Chronology Current Month Current Thread Current Date
[Year List] [Month List (current year)] [Date Index] [Thread Index] [Thread Prev] [Thread Next] [Date Prev] [Date Next]

Re: [Phys-L] From a Math Prof (physics BS major) at my institution ( math challenge)



On 02/18/2014 08:46 AM, Rauber, Joel wrote:
I didn't personally calculate it, but the Math Prof. told me that
the probability of consecutive numbers appearing on a truly random
list is 48%, much higher than most people would guess.

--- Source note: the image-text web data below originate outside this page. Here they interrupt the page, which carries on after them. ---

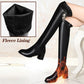 🌸Herbstschlussverkauf🌸Zeitlich begrenzt  49%Rabatt✨Herbst-Winter-Serie✨warme Lederstiefel für Damen✨Schlank aussehen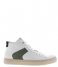 Blackstone Sneaker VG08 White Dark Green (WDGR)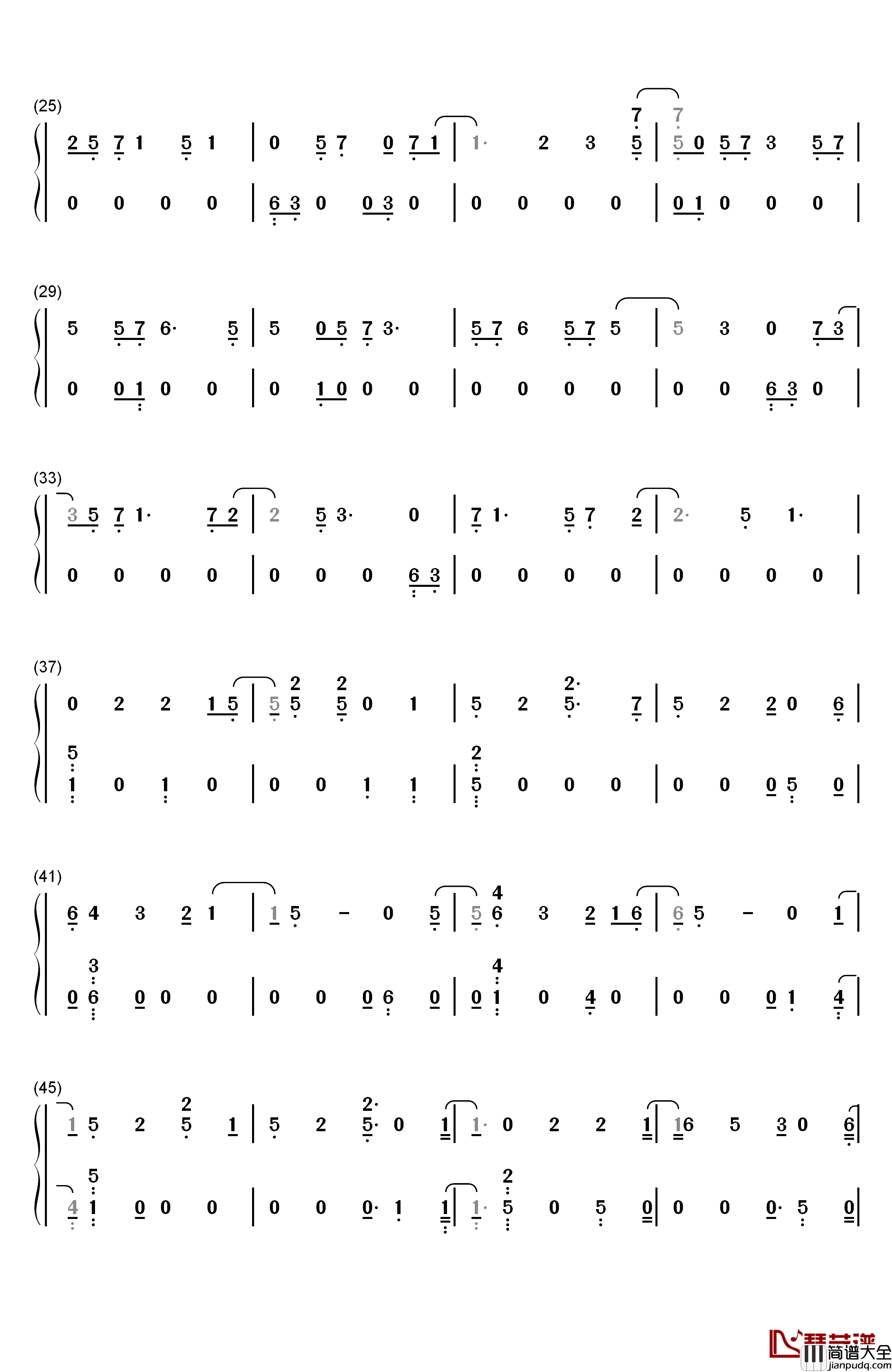 Magic_Shop钢琴简谱_数字双手_防弹少年团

I looked at two factors, the number of times consecutive numbers
appear -> leads to 2nd list is random The number of times numbers in
the range [30-35] appeared compared to the other decade ranges, which
also lends evidence that the second list was the random one.

That's very weak evidence.

In the first data set, the prevalence of consecutive pairs
is about what one would expect. In the second set, the
prevalence of consecutive pairs is /more/ than one would
expect ... but this does not make the first set any less
random. It just tells you that fluctuations are huge ...
which is not surprising given the small size of the data
sets.

As for the 30--35 range, the first data set has exactly
the expected number of hits in this range.

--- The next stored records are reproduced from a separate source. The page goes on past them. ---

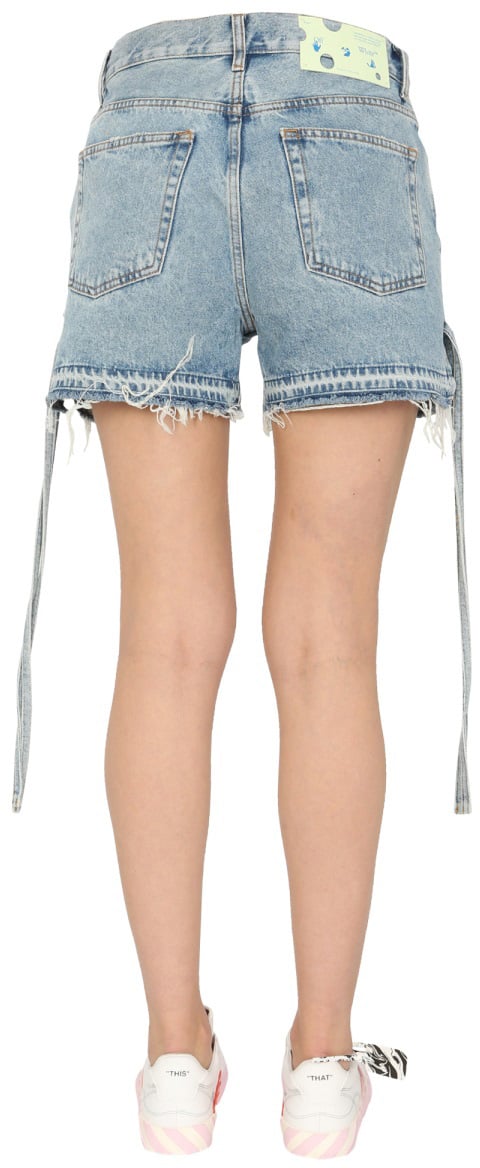 OFF-WHITE DENIM SHORTS Blauw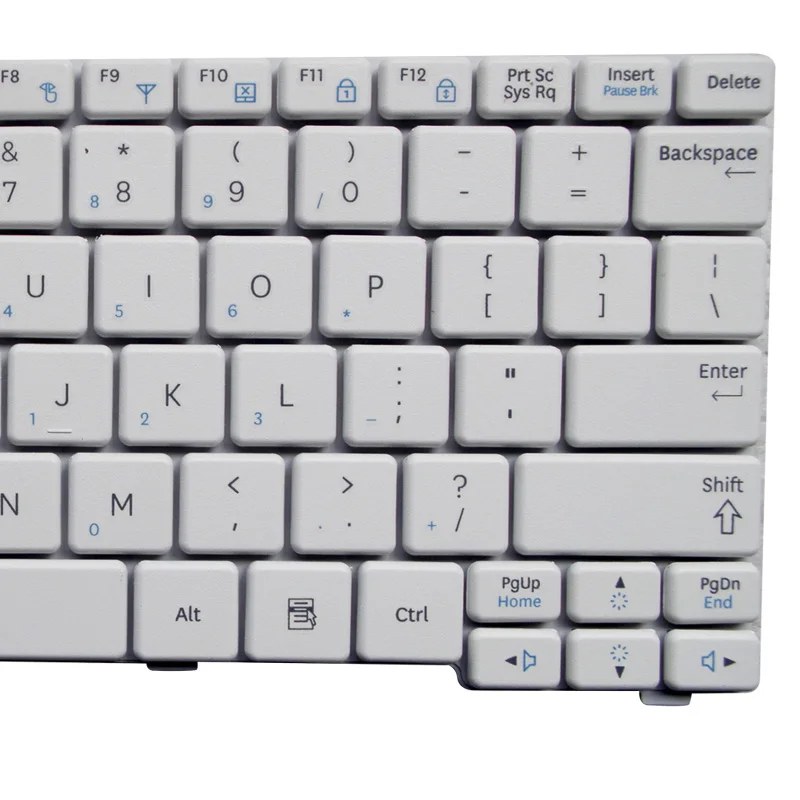 GZEELE для SAMSUNG N150 N143 N145 N148 N158 NB30 NB20 N102 N102S NP-N145 Клавиатура ноутбука США Версия Белый Английский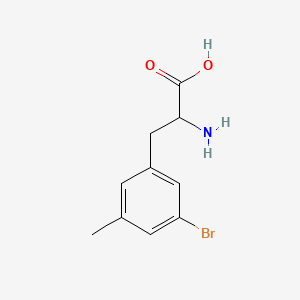 molecular formula C10H12BrNO2 B3029257 2-氨基-3-(3-溴-5-甲苯基)丙酸 CAS No. 603106-29-2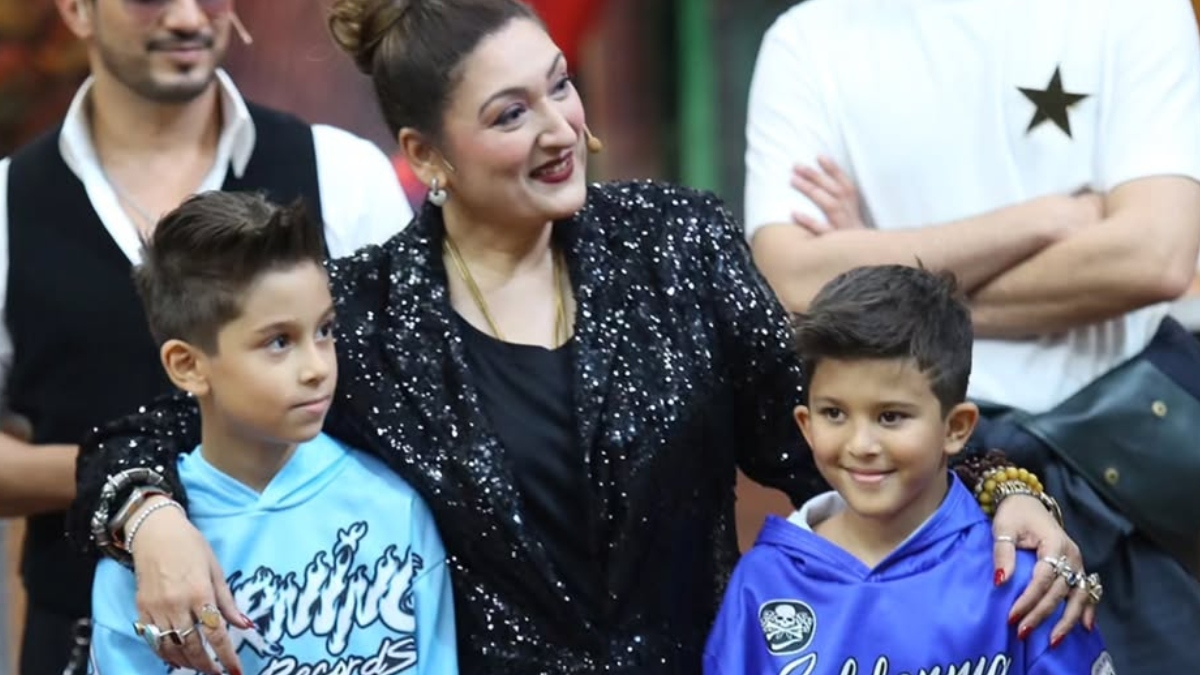 Sunita Ahuja with grandchildren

OTOH of course range is under-represented relative to
the "other" decade ranges ... but that's not surprising,
since 30--35 is *not* a decade range ... and more importantly,
in the second data set this range is even /more/ under-
represented. So by this criterion, the second set is
less random.

So far, the only statistic that looks out of whack to me
is the scarcity of numbers ending in 0 (i.e. numbers equal
to 0 mod 10) in the first set. OTOH people have looked at
a lot of statistics, and if you look at enough, sooner or
later you will find /something/ that is out of whack ...
even if the data is truly random.

=======================================

The lesson I take from this is the importance of proper
experimental controls. That includes double-blinding.
Anybody who knows the "right" answer here can easily
find "factors" to support that conclusion ... but doing
it blind is not so easy.

Another type of essential control is what I call "closing
the loop" i.e. cobbling up some Monte Carlo data and
feeding it through the analysis process, to see how often
the analysis screws up.

I haven't done the experiment, but I suspect that the two
"factors" suggested above, when applied to this student
data and an /ensemble/ of random data sets, would get the
wrong answer about 50% of the time ... quite possibly even
worse than that, depending on implementation details ...
in other words, worse than random guessing.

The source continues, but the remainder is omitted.